Another page on the calendar, another anime season. It starts with a show that was pretty far off my radar, Paripi Koumei – known in English as Ya Boy Kongming! (the difference being down to the pronunciations of the Japanese reading of the original Chinese). It’s a P.A. Works show, which at one time would have made it subject to considerable interest from me. But to be frank there hasn’t been much from PAW that I’ve found even middling in recent years. Once upon a time they were one of my favorite studios but alas, that time is long past.

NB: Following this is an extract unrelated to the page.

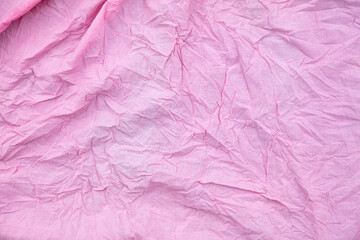 Fototapeta premium (Несколько значений)Pink crumpled fabric as a background.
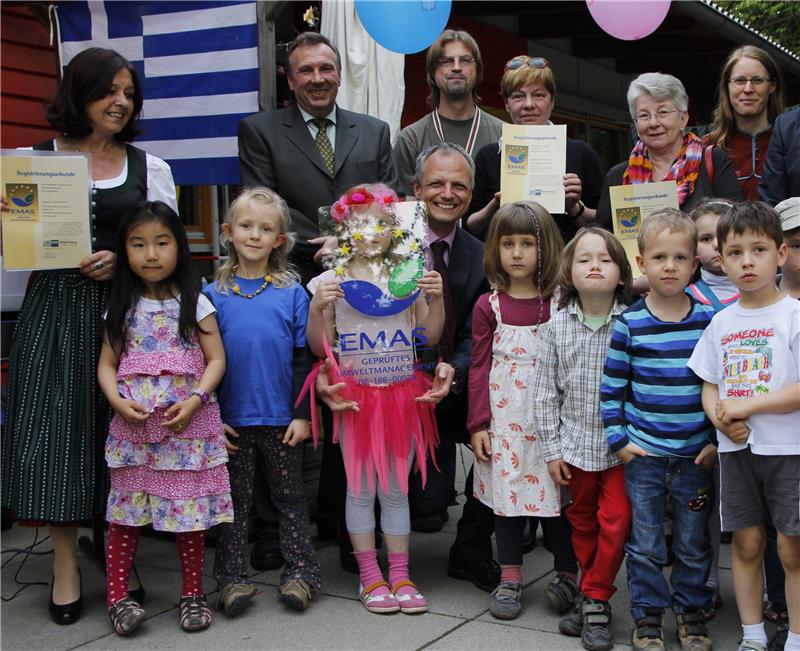 Sie präsentieren stolz Zertifikat und Urkunde: Die Leiterinnen der Caritas-Kindertageseinrichtungen und Kindergartenkinder mit Werner Beck (2.v.l.), Dr. Robert Seitz (3.v.l., knieend), Thomas Brunnhub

That said, Ya Boy Kongming! does have quite an interesting footnote – it’s the first manga adaptation P.A. Works has ever done. I knew they were more focused on originals than almost anybody but even so, I did a double-take when I read that – it’s hard to believe. This seems like an odd choice for their first – it’s way outside their normal strike zone, though they’ve veered away from their core style more in the last couple of years. If I’d gone into this blind I don’t think I would have guessed the studio behind it.
That’s not necessarily a bad thing, mind. And this wasn’t a bad first episode. The comedy worked better than the previews implied it would, and the visuals were rather nice. Japanese pop and literary culture is obsessed with anything Three Kingdoms and has been forever, but this is an unusual take. It finds the legendary strategist Koumei – real name Zhuge Liang – of the state of Shu dying and being reborn in modern Tokyo. He thinks he’s gone to hell at first (which I could see), but it’s just Halloween. And after hammering some tequila he winds up at a club, where he’s entranced by the music of going-nowhere singer Tsukimi Eiko.
I do have one major issue with Paripi Koumei, which is that Eiko’s music is supposed to be something wonderful and I find it utterly forgettable. This was a bone of contention I had with Carole & Tuesday too, and in a musically-themed series (as this seems to be and C&T certainly was) that’s not an inconsiderable problem. As for the banter between Eiko and Koumei that works much better, and I liked the gag that her boss at the club turns out to be huge Three Kingdoms otaku. I don’t think he actually believes Koumei is who he thinks he is – more that he’s a nut job who believes it himself, which makes him entertaining.
In many respects this is a pretty recycled premise. The fish out of water main character, a variation on the isekai theme, workplace humor. But so far at least it’s just distinctive enough to be interesting. The notion of Koumei turning his Confucian strategic genius towards managing Eiko’s career has some comic potential, and there could be an interesting father-daughter vibe there (especially as it’s hinted she has serious family issues). And it’s nice to see P.A. Works trying something really different – again, since you could certainly say the same about Appare-Ranman!. That was a mixed bag to be sure, but PAW’s efforts at regurgitating what people expect a P.A. Works series to be have become almost impossibly generic and feeble, so I’ll take this sort of risk-taking any day of the week. Ya Boy Kongming! seems like it’s worth keeping an eye on, at least for now.